- _Task to complete_: Omit all pictures and transcribe only the lines in the entries below that run from the line with "Білий Кіа Sportage, об'ємом" through the line with "3666 Mission St".

- _Records shown_:
------

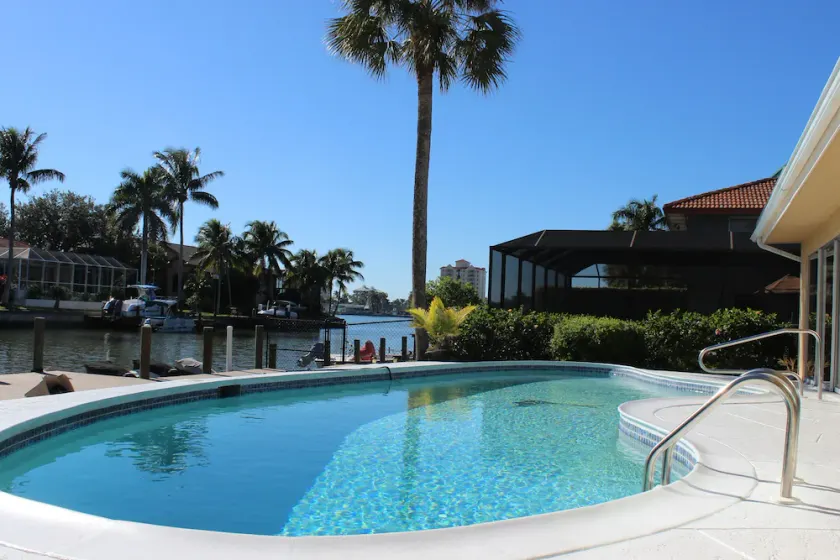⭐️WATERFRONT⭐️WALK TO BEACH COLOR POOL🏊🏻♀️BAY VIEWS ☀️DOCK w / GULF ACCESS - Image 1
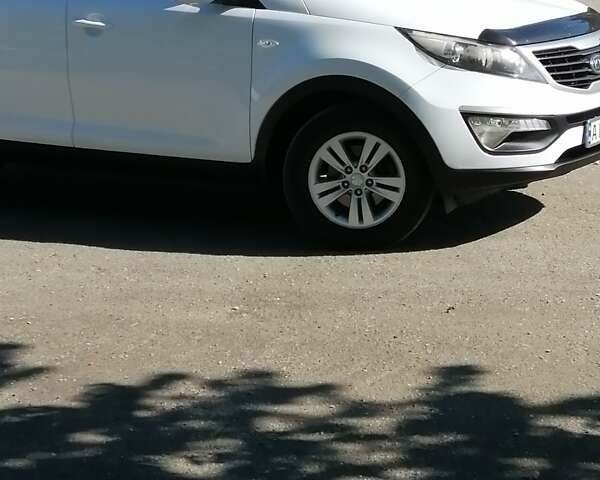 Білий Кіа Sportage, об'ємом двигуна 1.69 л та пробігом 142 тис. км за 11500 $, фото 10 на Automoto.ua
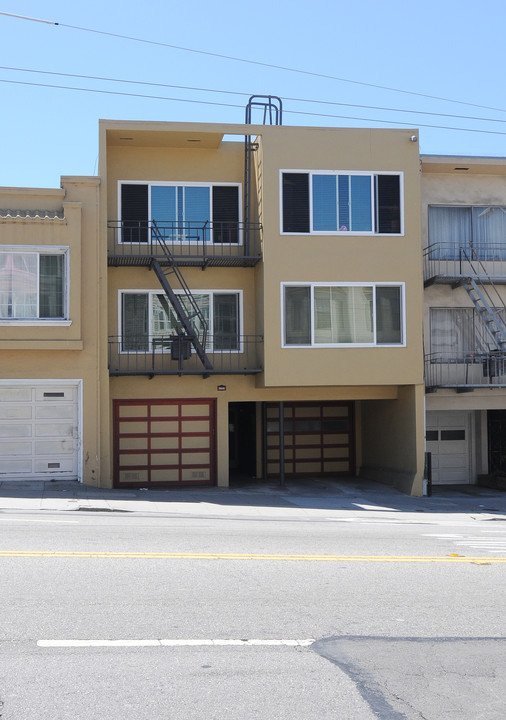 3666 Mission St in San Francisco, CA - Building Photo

------

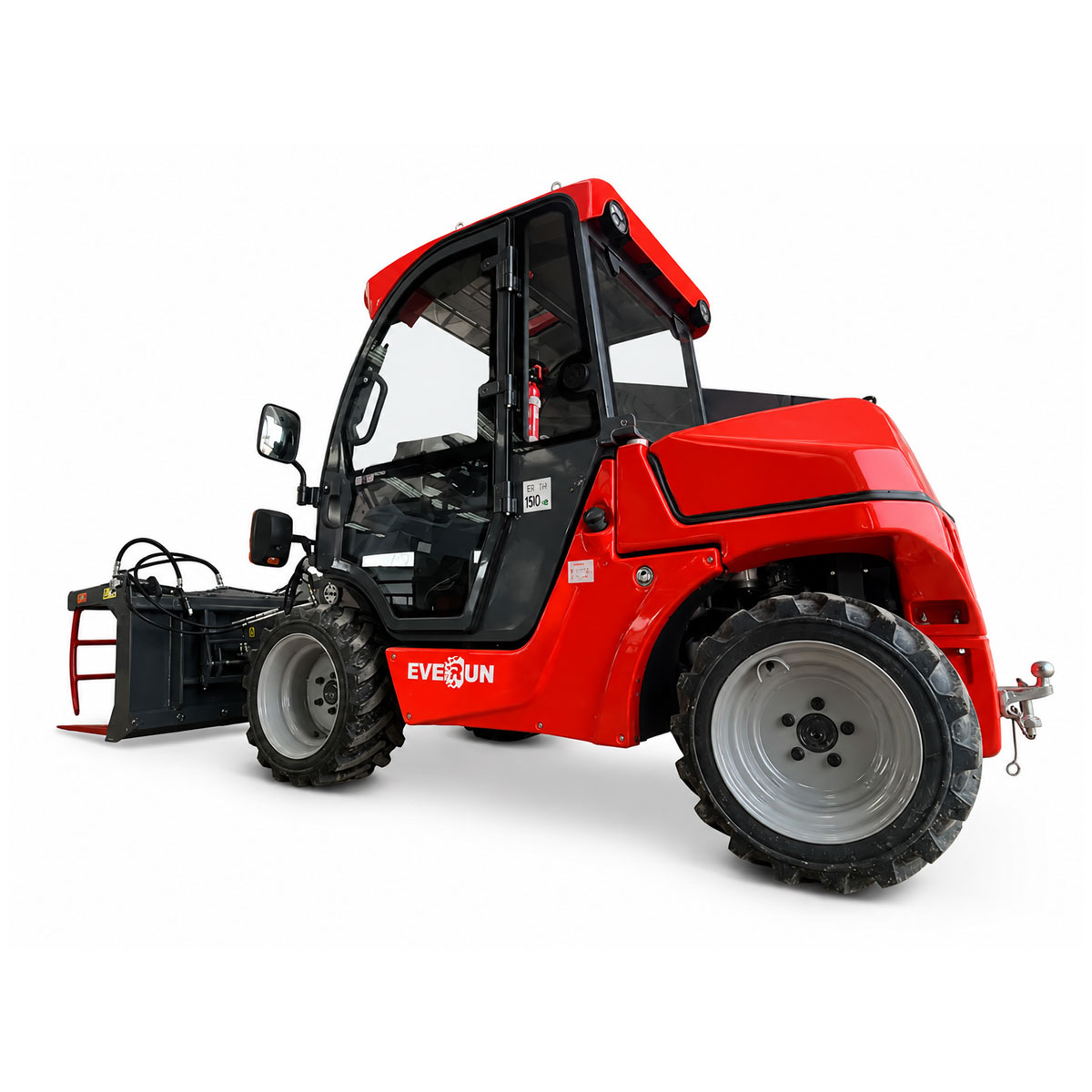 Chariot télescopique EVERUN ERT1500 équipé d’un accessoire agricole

------

- _Exercise solution_:
 Білий Кіа Sportage, об'ємом двигуна 1.69 л та пробігом 142 тис. км за 11500 $, фото 10 на Automoto.ua
 3666 Mission St in San Francisco, CA - Building Photo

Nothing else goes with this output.